This ranging request message can be carried within a PC5-RRC message or a PC5-S message.)

In S1050, the UE2 1001 may transmit a ranging response message to the UE1 1000. (5. UE2 sends the ranging response to the UE1. If UE2 wants to change the Ranging role (e.g. UE2 wants to act as Reference UE), for example due to its ranging capability, a new Ranging role is included. Once UE2 has a preferred SL-PRS configuration, such as Positioning frequency layer (PFL) or the SL-P method, UE2 can also include that information in the message. If SL-P capability information is included in step 4, UE2 can check whether that capability is matching or not. Alternatively, if a SL-P capability request message/indication is received in step 4, UE2 can respond by including SL-P capability of UE2.

If UE2 receives SL-PRS configuration information from UE 1 in step 4, UE2 can respond to accept that SL-PRS or not.

If UE 2 receives measurement request from UE 1 in step 4, UE2 can respond to accept or not to accept.

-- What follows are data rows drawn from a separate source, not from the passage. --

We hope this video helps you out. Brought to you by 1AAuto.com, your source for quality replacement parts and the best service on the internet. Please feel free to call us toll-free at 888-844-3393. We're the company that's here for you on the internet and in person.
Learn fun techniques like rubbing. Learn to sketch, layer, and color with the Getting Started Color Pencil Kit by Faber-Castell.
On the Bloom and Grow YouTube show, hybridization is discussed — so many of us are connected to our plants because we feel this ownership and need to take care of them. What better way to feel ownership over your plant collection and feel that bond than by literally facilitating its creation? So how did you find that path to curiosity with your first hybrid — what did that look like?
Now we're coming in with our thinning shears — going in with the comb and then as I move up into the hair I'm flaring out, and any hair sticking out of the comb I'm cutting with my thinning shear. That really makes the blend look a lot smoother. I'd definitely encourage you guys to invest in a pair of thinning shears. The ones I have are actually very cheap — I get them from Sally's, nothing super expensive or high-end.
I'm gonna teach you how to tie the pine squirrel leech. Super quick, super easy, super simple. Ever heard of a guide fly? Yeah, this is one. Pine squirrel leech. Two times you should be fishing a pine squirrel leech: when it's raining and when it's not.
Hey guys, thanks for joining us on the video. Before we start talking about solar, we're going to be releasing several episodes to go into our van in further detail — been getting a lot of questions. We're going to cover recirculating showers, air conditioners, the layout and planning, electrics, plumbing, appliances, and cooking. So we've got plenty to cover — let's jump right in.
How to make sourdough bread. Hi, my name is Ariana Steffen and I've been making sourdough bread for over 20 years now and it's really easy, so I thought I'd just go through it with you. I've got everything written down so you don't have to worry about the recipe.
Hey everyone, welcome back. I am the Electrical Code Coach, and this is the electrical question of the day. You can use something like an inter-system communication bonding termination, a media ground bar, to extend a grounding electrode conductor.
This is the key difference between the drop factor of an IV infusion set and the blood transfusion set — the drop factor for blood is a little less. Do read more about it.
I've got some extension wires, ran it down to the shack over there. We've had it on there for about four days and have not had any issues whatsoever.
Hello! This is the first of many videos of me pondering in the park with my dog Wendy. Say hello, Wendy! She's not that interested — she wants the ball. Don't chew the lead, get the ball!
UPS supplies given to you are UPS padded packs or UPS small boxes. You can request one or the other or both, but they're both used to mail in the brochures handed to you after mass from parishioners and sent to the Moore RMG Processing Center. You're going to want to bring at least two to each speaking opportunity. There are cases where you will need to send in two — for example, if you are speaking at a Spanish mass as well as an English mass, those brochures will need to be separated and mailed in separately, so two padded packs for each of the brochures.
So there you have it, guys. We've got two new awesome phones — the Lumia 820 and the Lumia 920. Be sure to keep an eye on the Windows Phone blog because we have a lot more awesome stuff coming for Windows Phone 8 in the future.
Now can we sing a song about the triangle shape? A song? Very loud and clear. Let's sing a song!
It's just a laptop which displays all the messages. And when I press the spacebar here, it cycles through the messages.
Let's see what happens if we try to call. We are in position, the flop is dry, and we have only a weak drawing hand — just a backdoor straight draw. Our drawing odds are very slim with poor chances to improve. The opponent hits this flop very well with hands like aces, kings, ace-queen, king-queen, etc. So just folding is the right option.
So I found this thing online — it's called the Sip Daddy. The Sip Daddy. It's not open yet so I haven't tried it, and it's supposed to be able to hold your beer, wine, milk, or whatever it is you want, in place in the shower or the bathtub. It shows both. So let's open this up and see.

This ranging response message can be carried within a PC5-RRC message or a PC5-S message.)

In S1060, each of the UE1 1000 and the UE2 1001 may configure ranging. (6. The upper layer of each UE (e.g., the UE1 and UE2) provides the ranging configuration to the AS layer. The ranging configuration includes the ranging role (e.g., whether each UE is a reference UE or a target UE), one time or period ranging, and ranging for distance or direction measurement or both.)

In S1070, the UE1 1000 and the UE2 1001 may perform a ranging signaling procedure and calculate a measurement result. (7. The AS layer of each UE transmits or receives ranging signalling according to the ranging configuration, and the Reference UE calculates the ranging results. For example, for direction measurement, Target UE transmits Ranging signalling and Reference UE receives it accordingly.)

7-1. UE1 or reference UE can transmit SL-P capability information request message to UE 2 or target UE. Then UE2 or target UE can respond to transmits SL-P capability information. This SL-P capability information can be carried within PC5-RRC or PC5-S message. This step can be omitted if step 4 has capability information transaction.

7-2. UE 1 or reference UE can transmit SL-P AssistanceData which includes the SL-PRS configuration to be measured by UE2 or the target UE including PFL, symbol level resource, and frequency and time information which will be transmitted by UE 1. If UE 2 or target UE receives this message it store this information for measurement. If there is no AssistanceData, UE2 or the target UE can request AssistanceData to UE1. This AssistanceData and AssistanceData request message can be carried within PC5-RRC/PC5-S message.

7-3 UE1 can transmit a measurement request to UE2 with information on a preferred method and reporting configuration regarding one time measure or periodic measure and report, and measurement metric for direction or distance or both. UE 2 can further respond to this message.

7-4 UE1 transmits SL-PRS based on configuration in step 7-2. Then UE1 can transmit an SL-PRS measurement request including a preferred method and reporting configuration such as the reporting configuration including periodic or one time reporting. UE2 can measure the SL-PRS, and if UE2 can fulfill the required QoS of the measurement, UE2 can report the result including measurement values for the indicated method (display a result value for each case) based on reporting configuration. For example, if distance is required, then SL-P method requiring RSRP measurement can be configured for SL-P method, or if direction is required, then SL-P method such as UL/DL-AOD or AoA method can be configured. This measurement request and its report message can be carried within the PC5-RRC/PC5-S message.

7-5. If the step 4 and 5 messages are included SL-PRS configuration information, there might be no 7-1 and 7-2 steps above. If step 4 and 5 messages are included measurement request and its response, there might be no step 7-3.)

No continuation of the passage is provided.